Repenser le système de nomination des juges/Mohamed Bouya ould Nahy*

8 November, 2023 - 09:55

Terre d’Islam et de traditions, la Mauritanie a connu des mutations sociales profondes, du fait de la politique coloniale et de l’urbanisation accélérée. Avec l’indépendance, de nouvelles classes sociales émergèrent, supplantant les structures traditionnelles et leur mode de représentation. Cette dynamique de changement est depuis remise en cause par le retour en force du tribalisme, comme vecteur d’identification et de représentation.

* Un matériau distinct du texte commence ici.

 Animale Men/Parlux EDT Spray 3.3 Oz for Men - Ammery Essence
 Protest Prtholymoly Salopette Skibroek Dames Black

Malgré l’engagement ferme du nouveau pouvoir politique à lutter contre toutes les entraves sociales, le phénomène tribal est toujours là, même si son ampleur varie d’un secteur à l’autre. Au niveau de la justice, il prit une dimension nouvelle avec la nomination de Mohamed Mahmoud ould Boye à la tête du ministère. Partisan d’une vision traditionaliste, il considère « la fonction de juger » comme un attribut de sa communauté tribale. Selon sa conception, la conduite des tribunaux et leurs parquets doit être confiée aux magistrats appartenant à celle-là ; leurs collègues issus de groupes différents devant être placés dans des postes secondaires.

Ainsi le Conseil de la magistrature tenu en Décembre 2021, sur initiative d’Ould Boye, a engagé un vaste mouvement du personnel, accordant la part belle aux magistrats issus de la communauté tribale du ministre qui se sont vus attribués l’essentiel des postes-clés dans l’appareil judiciaire. Les éléments appartenant à d’autres groupes sociaux ont été casés dans des fonctions subalternes: conseillers, substituts, etc. Les sessions ultérieures dudit Conseil tenues en Décembre 2022 et Juillet 2023 ont conforté cette orientation tribale dans les nominations.

Cette tendance est depuis devenue une constance de sa stratégie de gestion des ressources humaines du département. Cette situation est cependant appelée à évoluer et une réforme du système de nomination des juges est urgente pour corriger ces défaillances. Cette entreprise passe nécessairement par une limitation stricte du pouvoir de nomination du ministre de la Justice et une réorganisation du Conseil supérieur de la magistrature. Construire une justice républicaine exige le bannissement des critères du tribalisme et de l’ethnicisme. Parce que la justice doit être le miroir de la nation dans toute sa diversité.